Po meczu Chojniczanka Chojnice - Stomil Olsztyn rozmawialiśmy z pomocnikiem olsztyńskiego klubu Łukaszem Jeglińskim.
Zagrałeś od początku meczu i możesz chyba ten występ zaliczyć do udanych?
- Można tak powiedzieć. Pierwsza połowa była średnia w wykonaniu całego zespołu. Stało się to już chyba naszą tradycją, że gramy dwie nierówne połowy, ale ogólnie mecz na plus z mojej strony.

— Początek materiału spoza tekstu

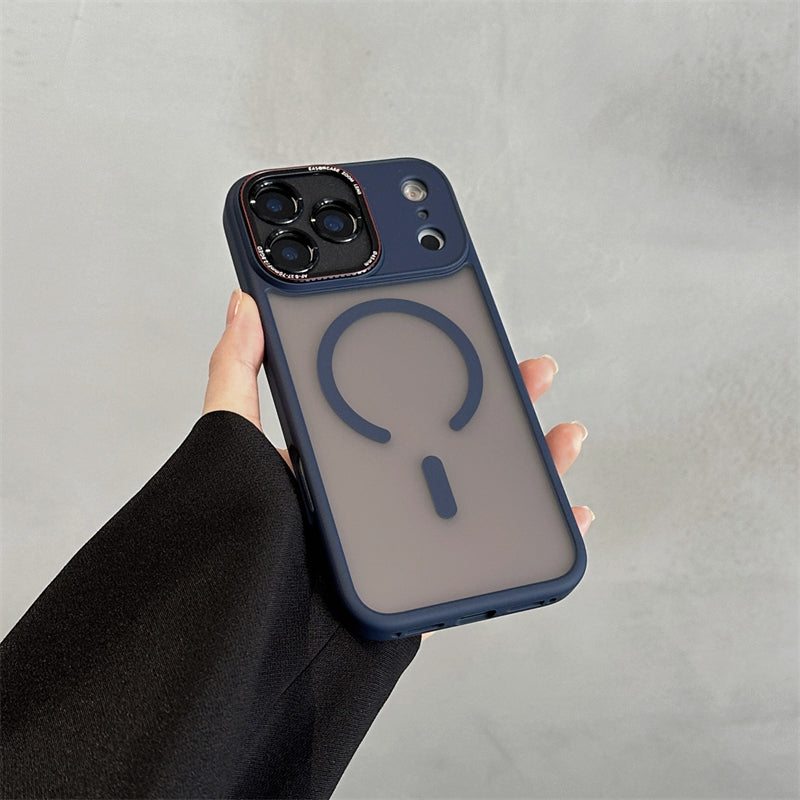 EASONCASE日本公式 magsafe対応 iphone14-17 ケース 半透明 マットデザイン スマホケース iphone ケース 指紋付きにくい magsafeライカシリーズ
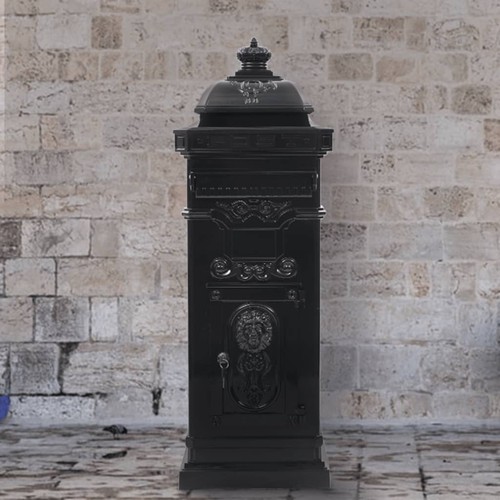 Vintage pillar letterbox - vintage,
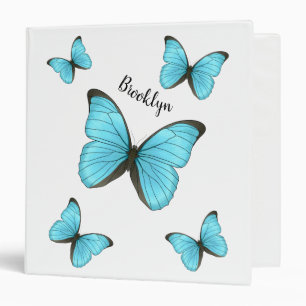 Classeur Illustration de papillons Morpho
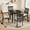 Black, variant on 5-Piece Round Dining Table Set for 4, Folding Drop Leaf Table with 4 Upholstered Chairs, Space-Saving Design for Small Apartments, Brown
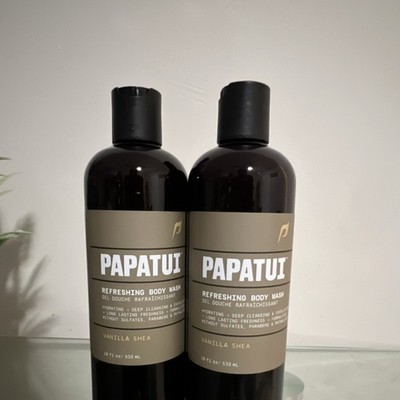 PAPATUI Hydrating Body Wash Vanilla Shea 18 fl oz Deep Cleansing Paraben-Free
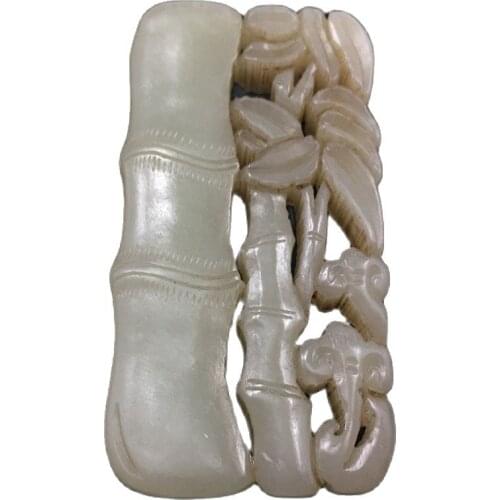 Collection of old jade, Qing Dynasty and Tian Yu hollow out [steadily rising] pendant jade ornaments antique jade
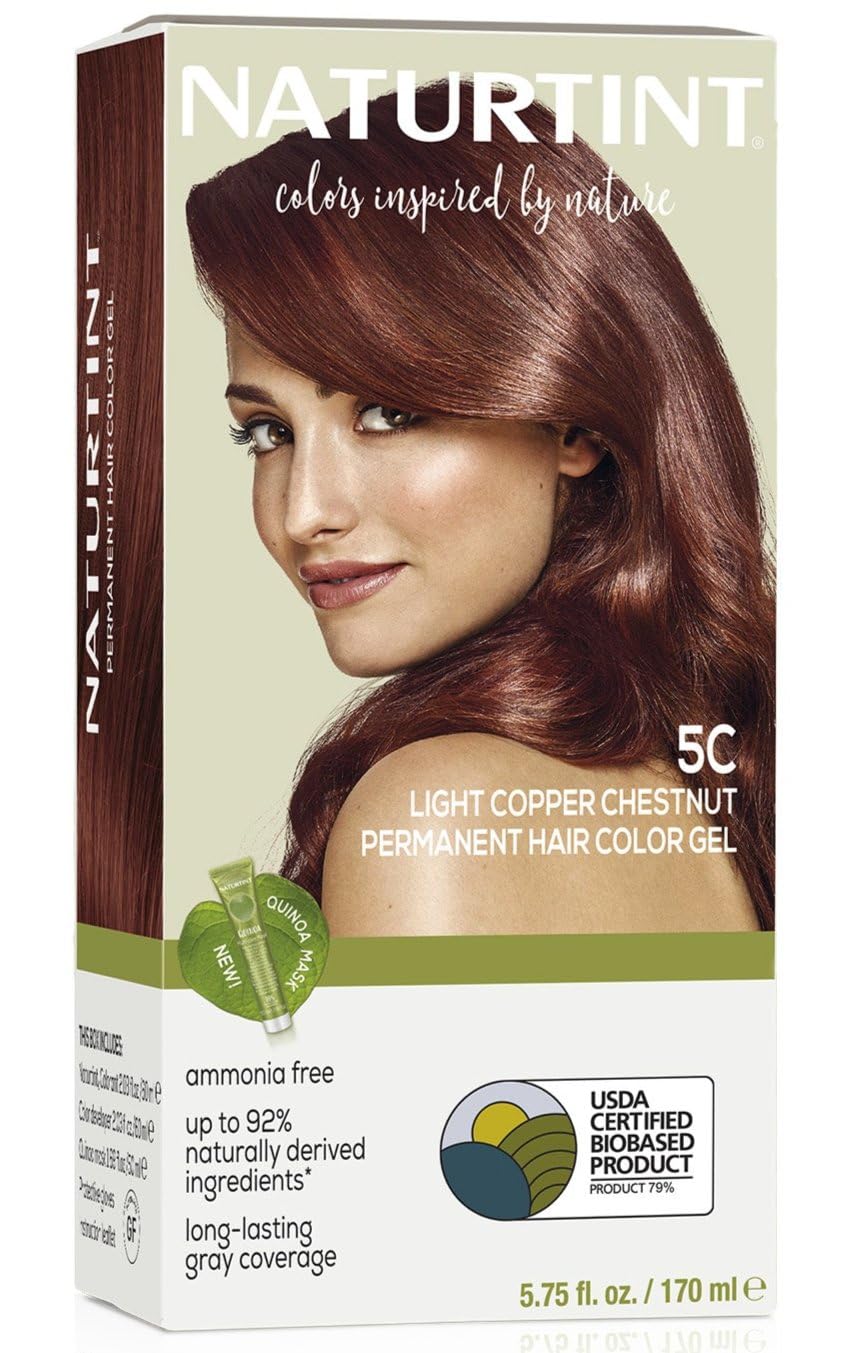Naturtint Permanent Hair Color 5C Light Copper Chestnut Brown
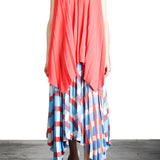 Issey Miyake Plissé Rock Karo Print multicolor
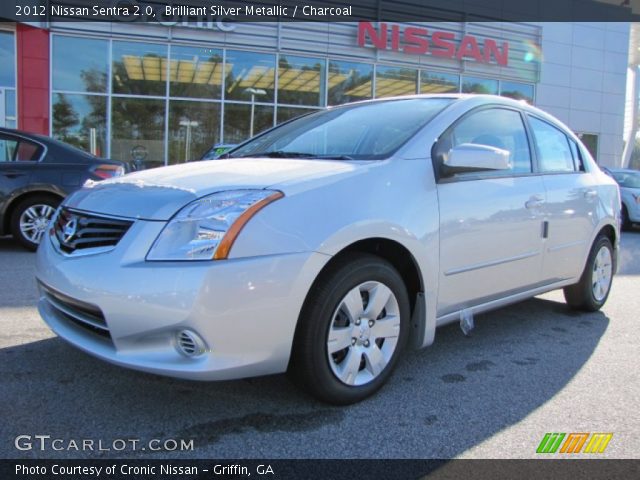 2012 Nissan Sentra 2.0 in Brilliant Silver Metallic
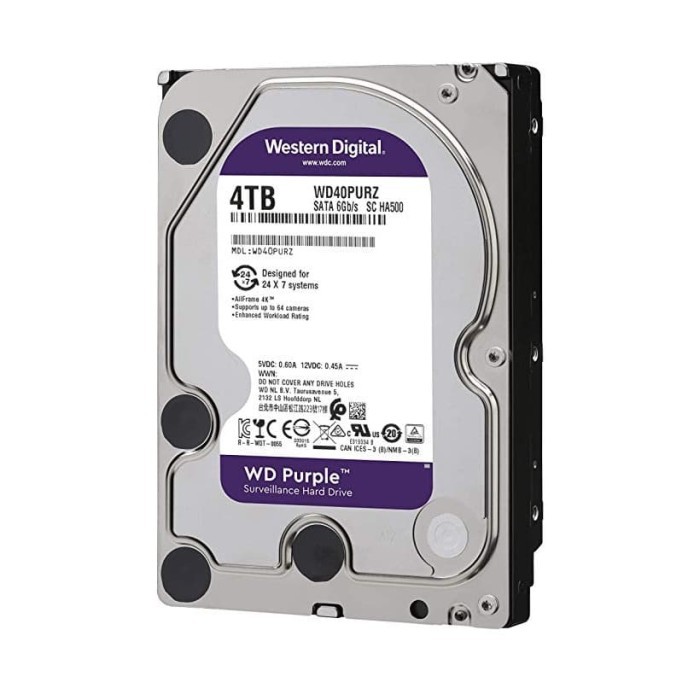 Harddisk WD Purple 4TB Harddisk CCTV WD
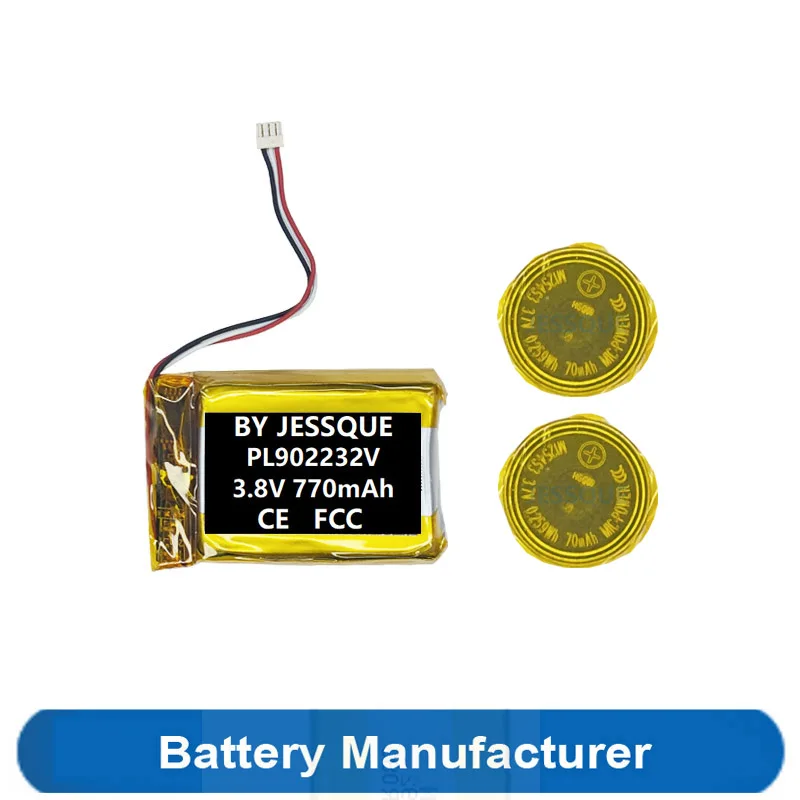 

Аккумулятор 0.259Wh 1254 + 770mAh PL902232V 241031 2.93Wh для Jabra Elite 85t, игровых наушников, Airpods, гарнитуры, зарядного кейса, повербанка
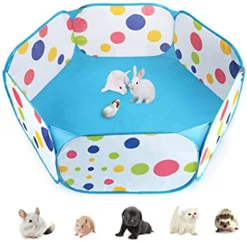 F-Beast Faltbare Kleintierkäfig Für Hamster Kaninchen Meerschweinchen Chinchilla Eichhörnchen Innen-/Außen Kleintier-Käfige, 80*40CM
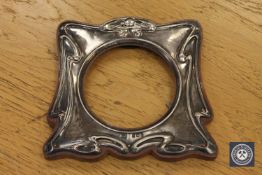 An Art Nouveau silver photo frame, Birmingham 1907,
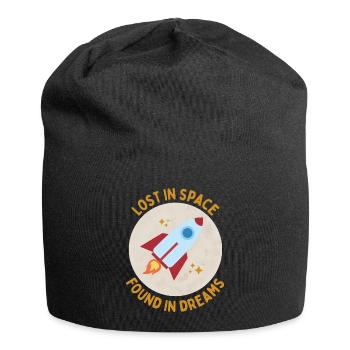 Lost in Space, Found in Dreams - Jersey Beanie - black - Front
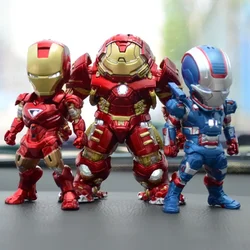 Iron Man Car Decoration Marvel's The Avengers Q Version Action Figures Movie & TV Finished Goods Model Doll Gifts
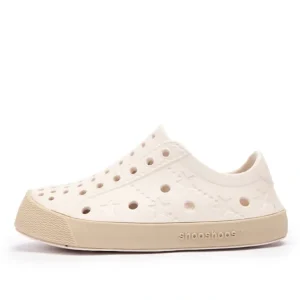 Toddler Perforated Slip On Water Sneakers in Cream - Curbside - CaringForTots - Professional Baby and Children's Products | Caring for Growth, Caring for Every Moment* Sneakers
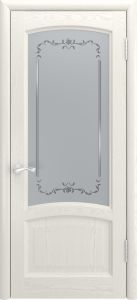Купить кЛИО, шпон дуба, дуб RAL 9010, стекло в Москве в интернет-магазине dveri-doors.com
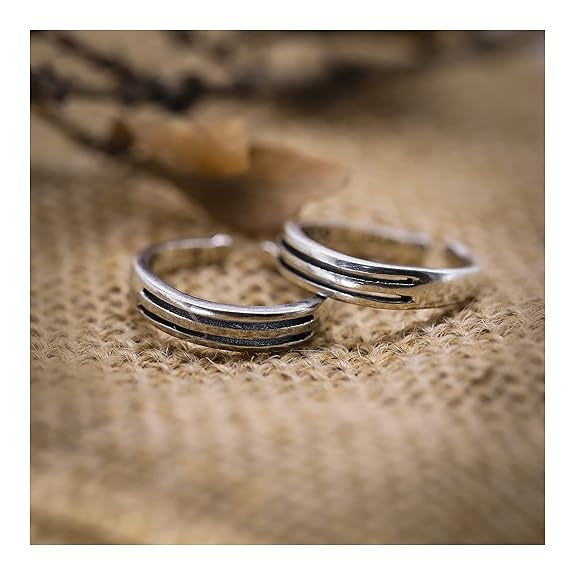 jsaj toering chutki bichiya 925 sterling silver band toering thick silver unbreakable comfortable durable for girls and women's in pure silver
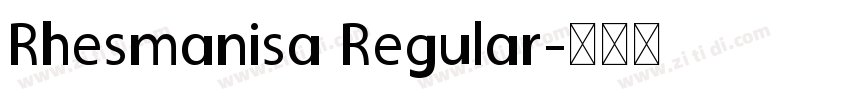 Rhesmanisa Regular字体转换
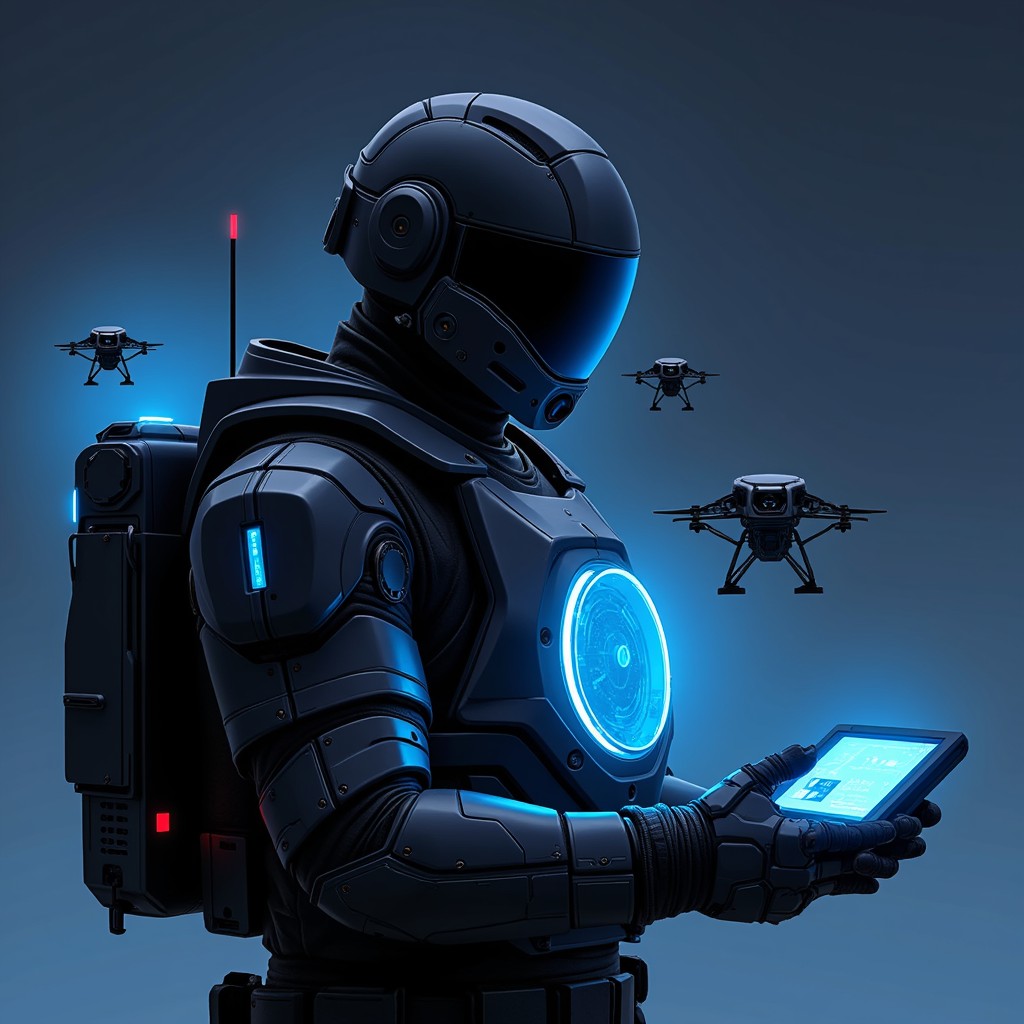 Free Tactical Tech Warrior Image - Futuristic, Soldier, Tactical ...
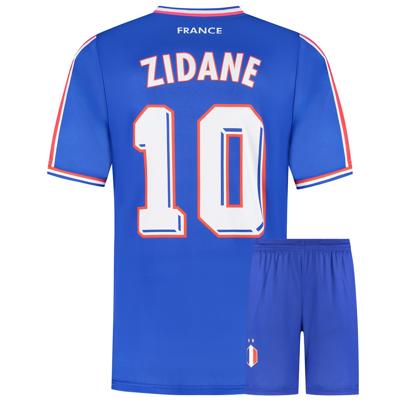 Frankrijk Voetbaltenue Zidane - WK 1998 - Kind en Volwassenen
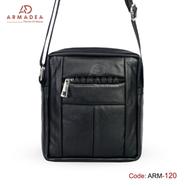 Armadea Biker Bag with Genuine Leather (Mini ) Black - ARM-120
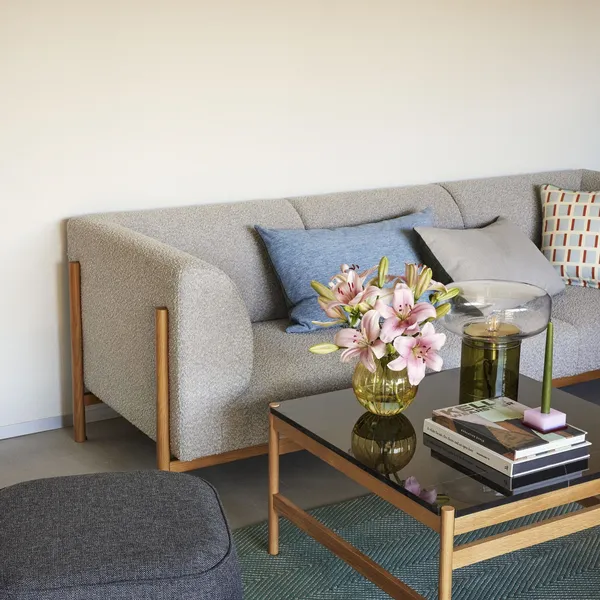 Moment Sofa 3 Seater Large Gray/Natural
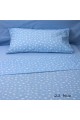 Σετ σεντόνια ημίδιπλα 165x270 Sunshine 22 blue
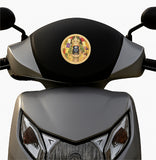 Ram Mandir Pran Prathistha I Ram Lalla Virajman I Ayodhya Ram Mandir I Bike Sticker Pack of 2 No's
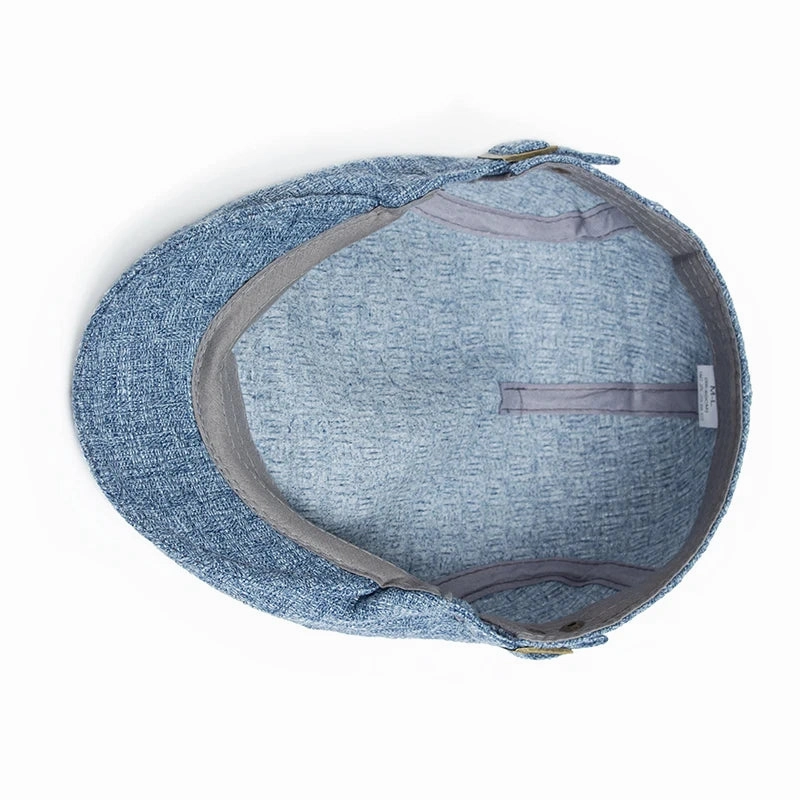 Whistler Linen Driver Flat Cap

Stomil zaczął grać dopiero od 30 minuty, już po straconej bramce, ale potrafiliście zaatakować i zaskoczyć przeciwnika.
- Mieliśmy takie założenia, by grać po ziemi i starć się utrzymywać piłkę na połowie przeciwnika. I rzeczywiście, gdy próbowaliśmy grać ziemią, to coś zaczynało się dziać, a gdy szliśmy na wymianę dłuższych piłek, górnych, to niestety nie szło to po naszej myśli. Bramka wpadła po dośrodkowaniu górą, ale wcześniej akcja była rozprowadzona po ziemi i tylko ta końcowa faza była górna. Było kilka takich akcji, od boku boiska dośrodkowania, strzał Kujawy groźny. Przy odrobinie szczęścia mogliśmy jeszcze coś ukuć.
To czwarty remis w tej rundzie, brakuje zwycięstwa.
- Teraz mogę zapewnić, że w kolejnym meczu będą trzy punkty (śmiech - red.). Tak na poważnie, trzeba się cieszyć, że przegraliśmy tylko raz, ale z drugiej strony punktowo lepiej byłoby dwa razy przegrać i dwa razy wygrać, bo mielibyśmy sześć punktów zamiast czterech. Ciągle brakuje czegoś do zwycięstwa, ale mam nadzieję, że niedługo się to zmieni.